Nach den USA mit dem sogenannten Inflation Reduction Act hat nun auch China angekündigt, eine dreistellige Milliardenhöhe in grüne Technologien zu investieren. Kommt es gerade zu einem Subventionswettlauf bei der E-Mobilität?

Tja, das ist eine gute Frage. Wirtschaftsminister Robert Habeck ist in dieser Sache ja auch gerade dieser Tage unterwegs. Erst mal ist es natürlich positiv, dass die Transformation in Richtung Elektromobilität massiv vorangetrieben wird – weltwirtschaftlich betrachtet und auch fürs Klima. Es birgt aber auch eine Bedrohungslage. Und es ist ein Problem, wenn Batteriezellwerke jetzt nicht mehr in Deutschland bauen, sondern wegen der Subventionen tendenziell in Richtung Amerika blicken.

Der schwedische Konzern Northvolt hatte eigentlich geplant, ein Batteriewerk in Schleswig-Holstein zu bauen.

Ja, und wir brauchen in Europa dringend diese Kompetenzen und Kapazitäten, um nicht von China beziehungsweise Asien oder anderen Ländern abhängig zu sein. Man hat hier viel zu lang gedacht, Batterien und auch Chips seien so Allerweltsteile, die man überall einkaufen könnte. Da müssen wir aufpassen und reagieren.

Gerade haben auch die Autobauer Nissan und Renault angekündigt, in der E-Mobilität künftig stärker zusammen­zuarbeiten. Eine zusätzliche Konkurrenzsituation für VW und andere deutsche Autobauer?

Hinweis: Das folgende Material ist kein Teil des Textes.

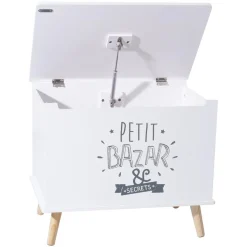 3S. x Home Coffre blanc en bois 58x48 Hot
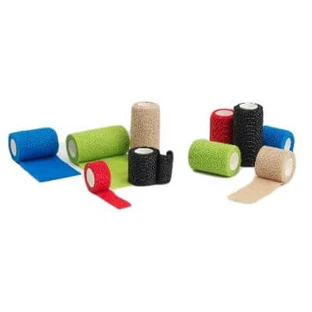 Farmaban cpk sport 10 cm x 4,5 m beige tnt vendas elásticas cohesivas de sujeción caja dispensadora 15 unidades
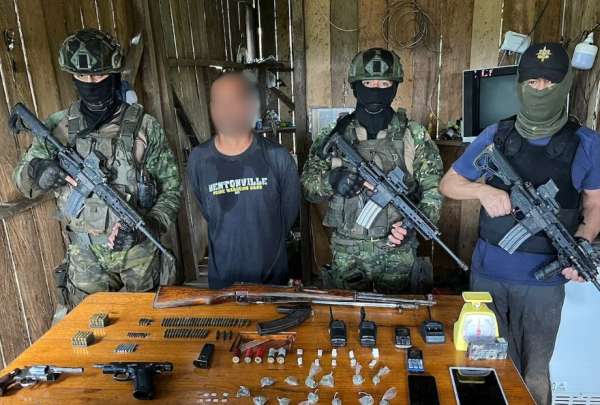 Alias "Maruco" fue detenido en una vivienda de ca&ntilde;a en el cant&oacute;n Eloy Alfaro.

Renault und Nissan waren durchaus mal Marktführer beim Thema Elektromobilität. Aber in den letzten Jahren ist da zu wenig passiert. Wenn sie nun gemeinsam an einem Strang ziehen und aus der Krise kommen, könnte das in den kommenden Jahren aber auch für ein Unternehmen wie Volkswagen zu mehr relevantem Wettbewerb führen.

Auch die EU-Kommission möchte ja die Regeln für Staatshilfen lockern, damit hier in Zukunft ebenfalls schneller Geld in grüne Technologien und die E-Mobilität fließen kann. Ist das der richtige Schritt?

Ja, aber einfach viel zu spät, und auch von der Intensität her ist das Vorhaben der EU viel zu schwachbrüstig. Man hat in Deutschland wirklich lange geschlafen. Andere Länder haben sich längst Rohstoffpartnerschaften aufgebaut. Da müssen die Bundesregierung und die EU noch viel stärker werden. Und auch für VW bleibt das Thema Elektromobilität eine Herkules-Aufgabe.